• [STUDY MATERIAL]:
-------------------------

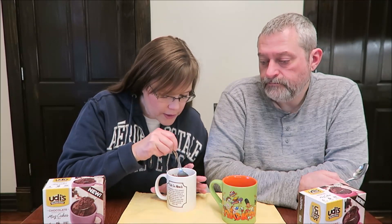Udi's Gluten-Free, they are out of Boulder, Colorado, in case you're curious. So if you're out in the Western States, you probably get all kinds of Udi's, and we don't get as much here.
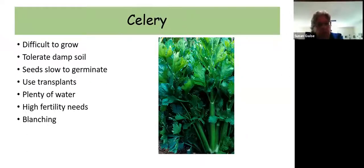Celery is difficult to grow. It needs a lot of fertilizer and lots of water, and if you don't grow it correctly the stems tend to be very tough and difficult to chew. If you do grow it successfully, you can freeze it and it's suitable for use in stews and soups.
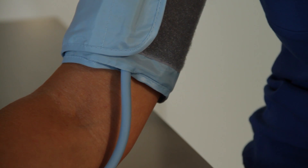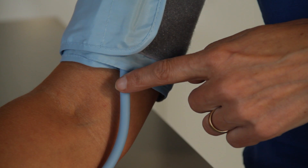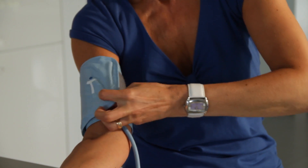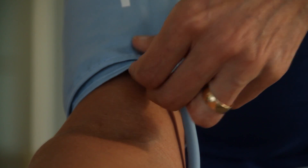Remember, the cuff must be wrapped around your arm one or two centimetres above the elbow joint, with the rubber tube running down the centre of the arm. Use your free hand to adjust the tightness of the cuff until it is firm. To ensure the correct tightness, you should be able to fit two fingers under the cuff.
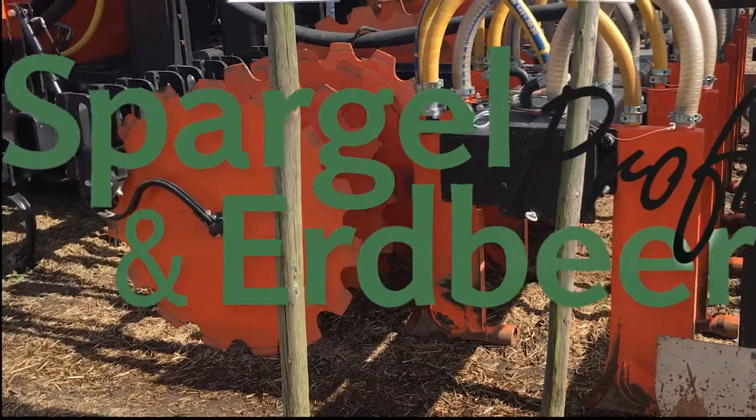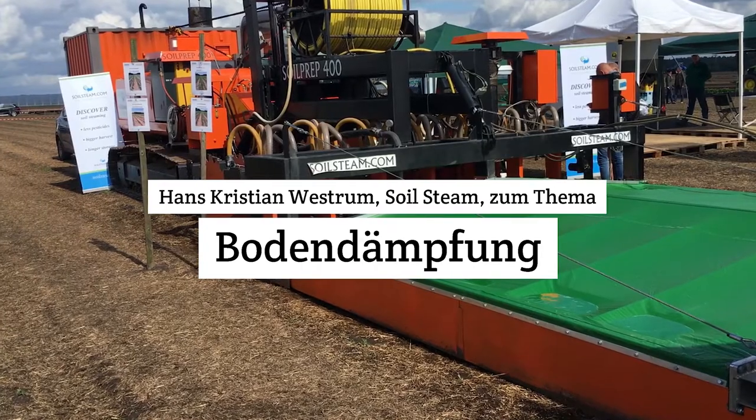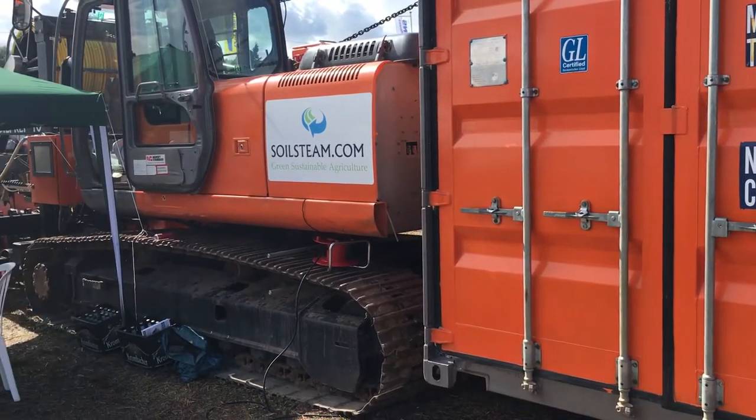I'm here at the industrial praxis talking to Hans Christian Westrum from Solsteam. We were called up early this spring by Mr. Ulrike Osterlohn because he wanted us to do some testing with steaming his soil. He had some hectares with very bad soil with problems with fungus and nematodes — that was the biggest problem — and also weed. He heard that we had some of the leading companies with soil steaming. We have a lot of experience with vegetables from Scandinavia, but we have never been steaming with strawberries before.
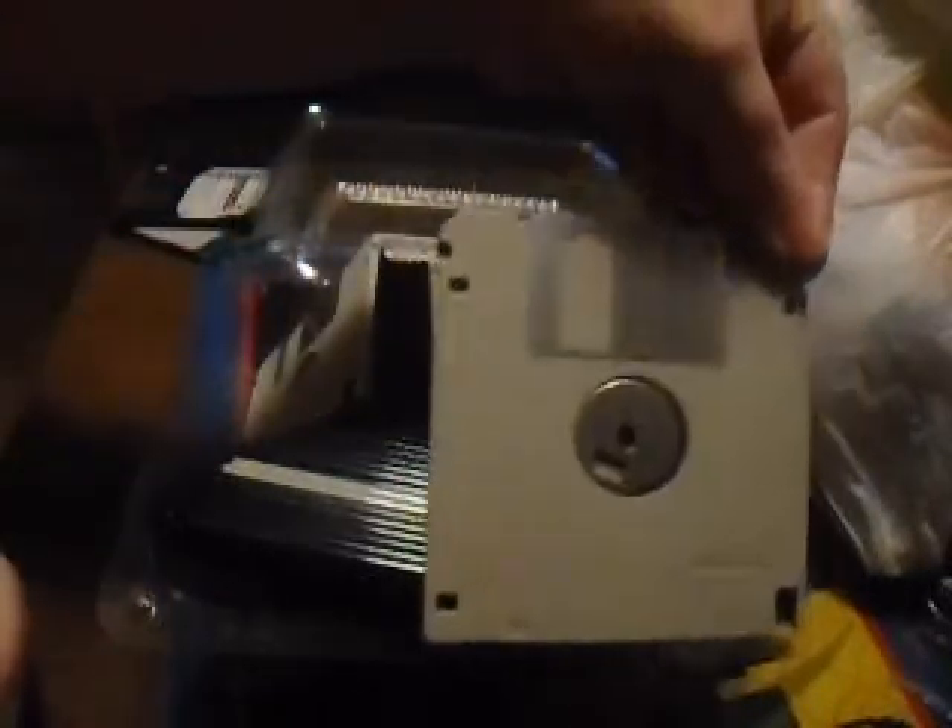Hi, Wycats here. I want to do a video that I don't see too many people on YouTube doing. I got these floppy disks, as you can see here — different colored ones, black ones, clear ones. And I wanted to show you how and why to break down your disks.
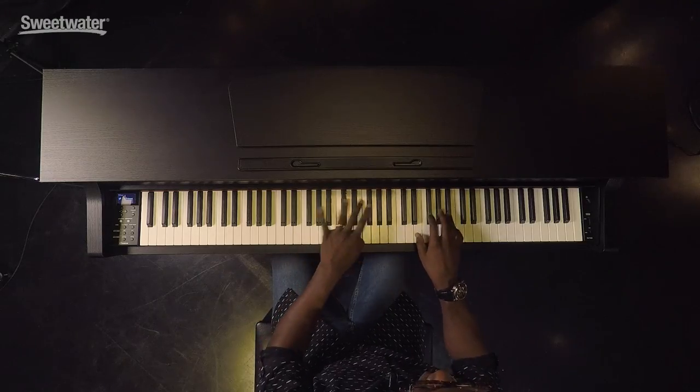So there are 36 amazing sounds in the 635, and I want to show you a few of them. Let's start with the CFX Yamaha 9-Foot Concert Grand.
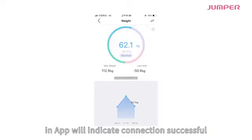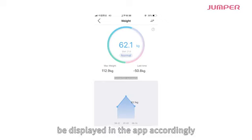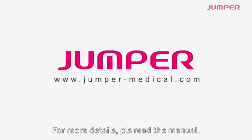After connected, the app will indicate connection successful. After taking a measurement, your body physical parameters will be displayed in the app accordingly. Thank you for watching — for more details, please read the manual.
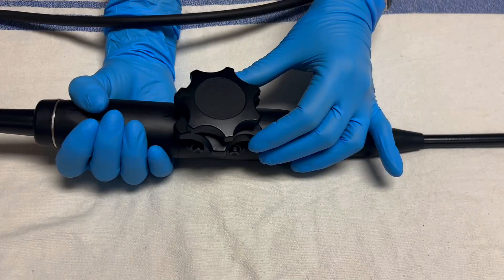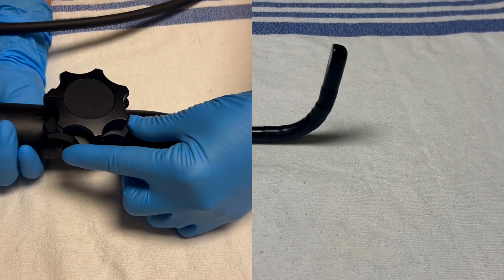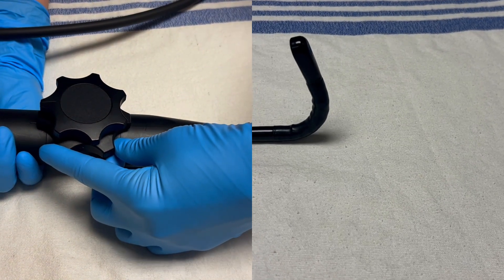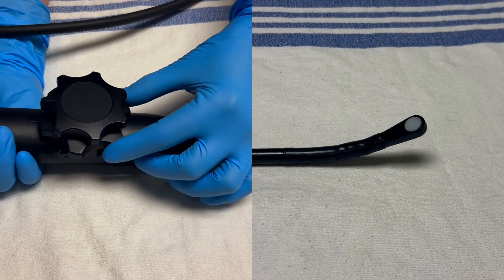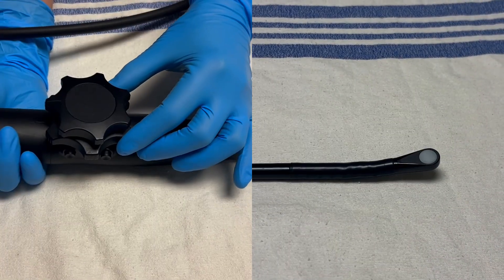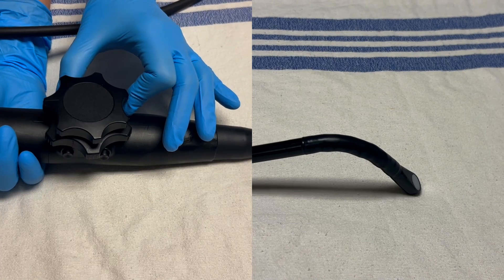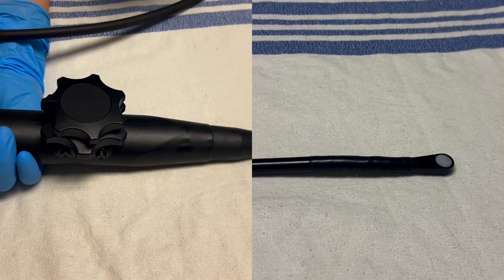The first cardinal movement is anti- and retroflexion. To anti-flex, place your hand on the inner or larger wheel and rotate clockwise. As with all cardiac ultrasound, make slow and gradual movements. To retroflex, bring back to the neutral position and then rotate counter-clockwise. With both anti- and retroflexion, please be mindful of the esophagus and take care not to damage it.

-------------------------

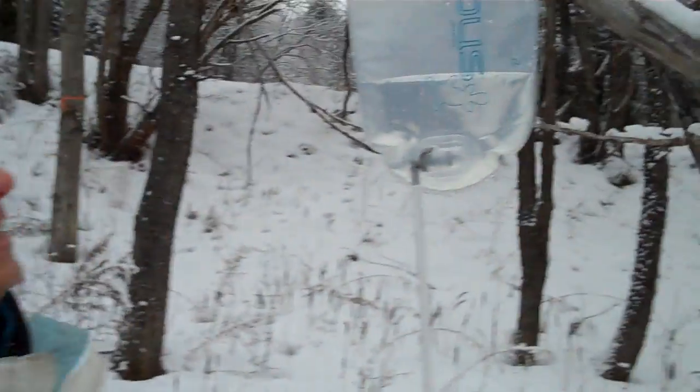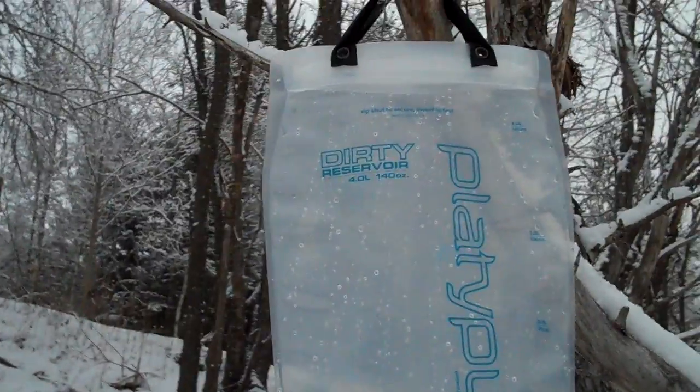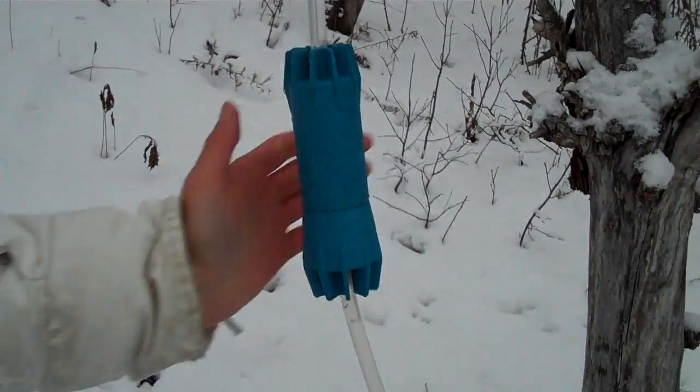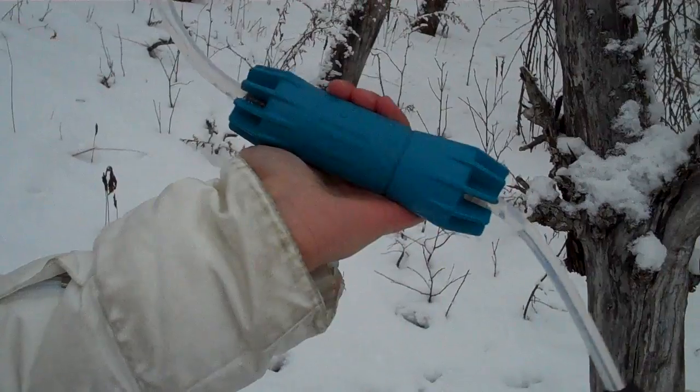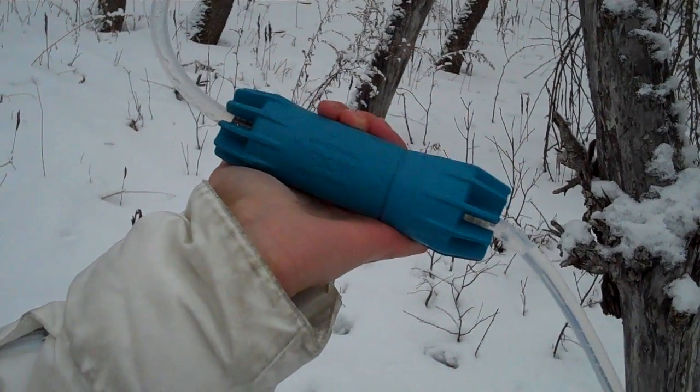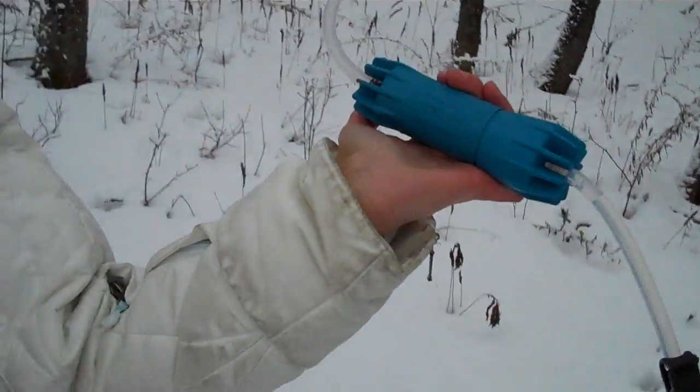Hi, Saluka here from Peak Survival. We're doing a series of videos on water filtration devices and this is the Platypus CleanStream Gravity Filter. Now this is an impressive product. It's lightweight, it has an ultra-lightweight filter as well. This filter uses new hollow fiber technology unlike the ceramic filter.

-------------------------

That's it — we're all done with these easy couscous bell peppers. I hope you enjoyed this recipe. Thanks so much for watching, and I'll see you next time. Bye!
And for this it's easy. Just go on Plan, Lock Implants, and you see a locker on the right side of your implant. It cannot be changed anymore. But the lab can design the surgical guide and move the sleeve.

-------------------------

• [TASK GOAL]: How would the lines above read from the one with "Udi's Gluten-Free, they" to the one with "Celery is difficult", inclusive, with no pictures? Write them out exactly.

• [SOLUTION TO THIS PROBLEM]:
Udi's Gluten-Free, they are out of Boulder, Colorado, in case you're curious. So if you're out in the Western States, you probably get all kinds of Udi's, and we don't get as much here.
Celery is difficult to grow. It needs a lot of fertilizer and lots of water, and if you don't grow it correctly the stems tend to be very tough and difficult to chew. If you do grow it successfully, you can freeze it and it's suitable for use in stews and soups.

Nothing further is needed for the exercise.